この考え方に即して将来にわたって獲得できるキャッシュフローを現在の価値に引き直して計算する「現在価値への割引計算」というものを行います。こうして計算された割引現在価値(NPV)が本来あるべきEVになります。

とは言っても、将来にわたって獲得できるキャッシュフローなど誰にも分かりません。予測するしかないのです。この予測は事業計画の形で表現されます。しかし、未来永劫にわたって計画を作ることはできませんし、誰もそんなものは信じません。せいぜい3年~5年程度の中期事業計画が関の山です。それでもこの中期事業計画が最も頼りになる情報ということになります。この中期事業計画から割引現在価値を算出する方法をDCF法(ディスカウント・キャッシュフロー法)といいます。IPOに纏わる一連の株価算定では欠かすことのできない重要な方法です。

 リンク:上場のための中期経営計画

 

EVの算定方法(EBITDA倍率)

小規模のM&Aの時など、能力的・時間的に信頼性のある中期事業計画が作れないという場合もあります。その場合に、簡便的な指標としてよく用いられるのがEBITDA倍率と呼ばれるものです。EBITDA(イービットダ、イービットディーエイ)とは、利払い税引前減価償却前営業利益のことですが、概ね営業利益に減価償却費を足したものに等しくなります。将来にわたって安定的な一定の利益を計上し続けるような企業の割引現在価値を算出すると、それはEBITDA倍率3倍、つまりEBITDA 3年分の金額に近似します。これがEVということになります。将来の事業拡大がないような事業であれば倍率は低くなりますし、急激な成長を遂げるようなベンチャー企業であれば10倍にも20倍にもなります。IPOの過程でEBITDA倍率方式のみで株価を算定することはないと思いますが、DCF法の検算の手段として覚えておくとよいでしょう。

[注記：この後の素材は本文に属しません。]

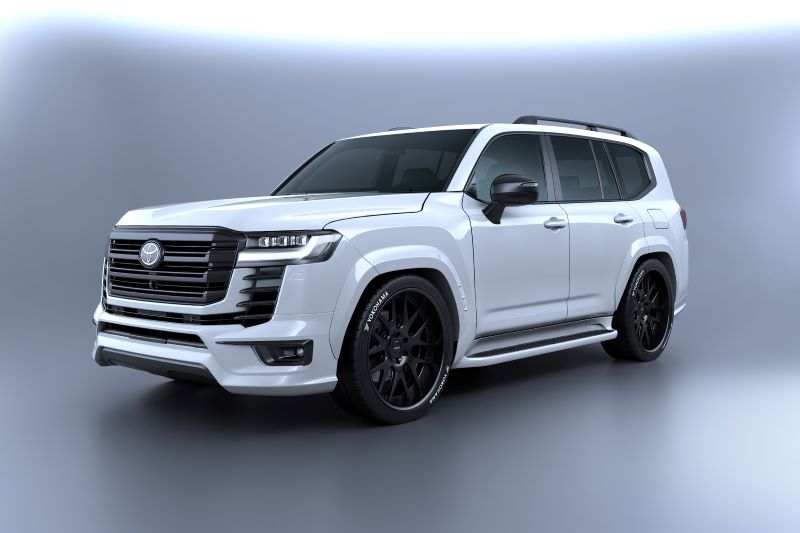 BLACKLABEL LANDCRUISER300
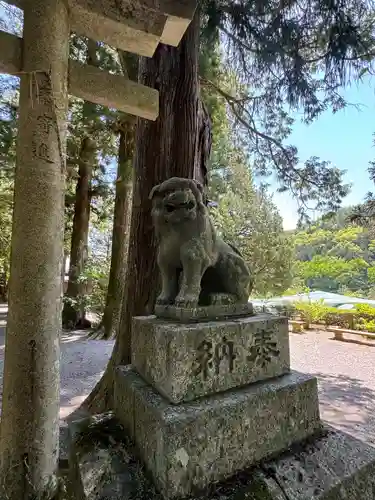 水無神社(長野県)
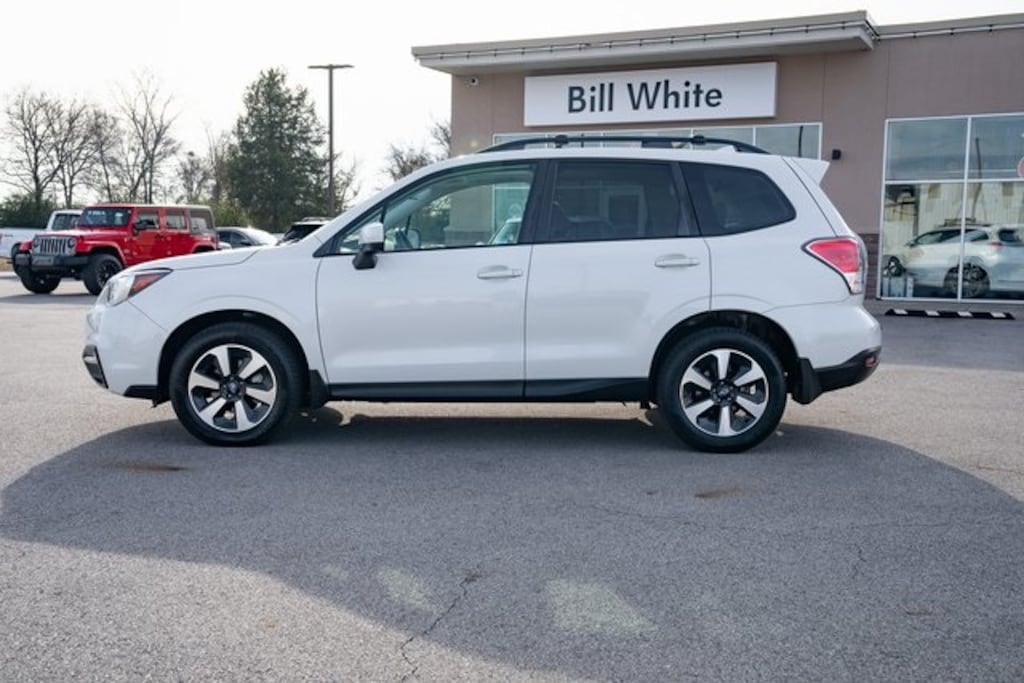 Used 2018 Subaru Forester 2.5i Premium SUV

EVが算定されたら、ここからネット負債を引けば、時価総額が算定されます。

 

時価総額の算定方法(PERマルチプル)

もうひとつのアプローチは、時価総額を直接求めに行く方法です。 PERマルチプルといって、上場企業の中から自社に類似している企業を特定し、その株価と利益の関係を当てはめて自社の時価総額を直接算定します。 新規上場の際の公開価格の算定などではこの方法が用いられます。 この方法が適しているのは、上場会社の中に類似企業がある場合です。単に業種、業態、規模などが似ているだけでなく、上場企業並みの経営能力(ガバナンスや管理体制など)も備わっていることが望まれますので、発展途上のスタートアップ企業などには適用が難しい場合があります。

また、 PER は株価が1株当たり当期純利益の何倍になっているかという指標ですから、赤字企業に使用することは不可能です。そのため、PERに代えてPSR、つまり売上高と株価の関係を指標とする事例も散見されますが、プラットフォーム型ビジネスなど一部の事業を除き、指標としては不適切な場合も多いようです。